6. En second lieu, M. A... n'établit ni que les membres de sa famille qui résident en France ne pourraient pas lui rendre visite au Maroc, ni qu'il ne pourrait disposer dans ce pays, où il vivait depuis plusieurs années à la date de la décision contestée, de l'aide matérielle dont il a besoin dans sa vie quotidienne. Dans ces conditions, et eu égard à la menace pour l'ordre public que représente l'intéressé, la décision contestée ne porte pas au requérant une atteinte disproportionnée à son droit au respect de la vie privée et familiale au regard des buts de cette mesure.
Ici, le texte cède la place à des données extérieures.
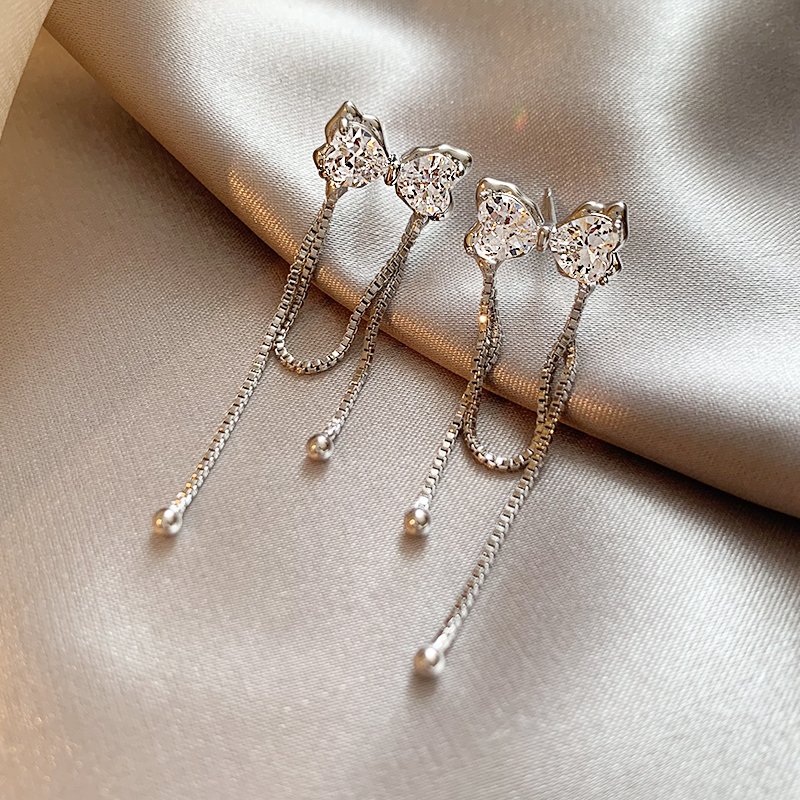Bow long tassel earrings for women, light luxury and high-end earrings, 2024 new popular style, temperament earrings, ear accessories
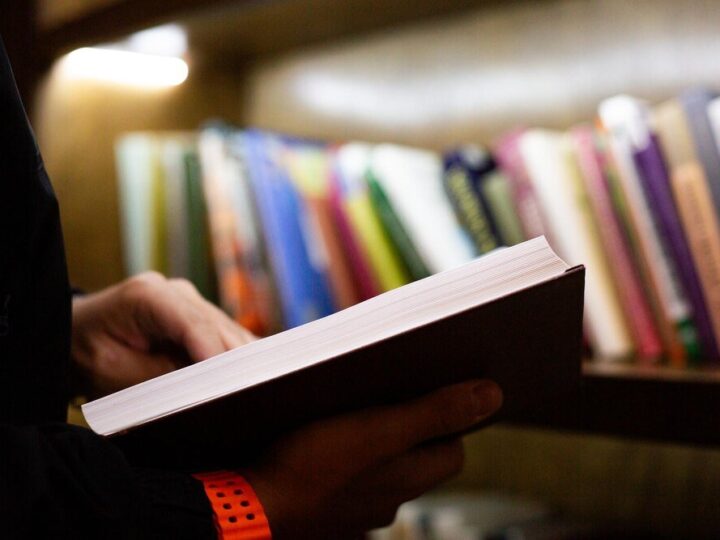 Dżuma streszczenie – przesłanie, symbole, interpretacje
Par suite, le moyen tiré de la méconnaissance de l'article 8 de la convention européenne de sauvegarde des droits de l'homme et des libertés fondamentales, doit être écarté.

7. Il résulte de ce qui précède, et sans qu'il soit besoin de se prononcer sur la demande de substitution de motifs présentée par le ministre de l'intérieur, que M. A... n'est pas fondé à soutenir que c'est à tort que, par le jugement attaqué, le tribunal administratif de Nantes a rejeté la demande. Par voie de conséquence, ses conclusions à fin d'injonction sous astreinte ainsi que celles tendant à l'application des dispositions de l'article L. 761-1 du code de justice administrative doivent être rejetées.

DÉCIDE :

Article 1er : La requête de M. A... est rejetée.

Article 2 : Le présent arrêt sera notifié à M. B... A... et au ministre de l'intérieur.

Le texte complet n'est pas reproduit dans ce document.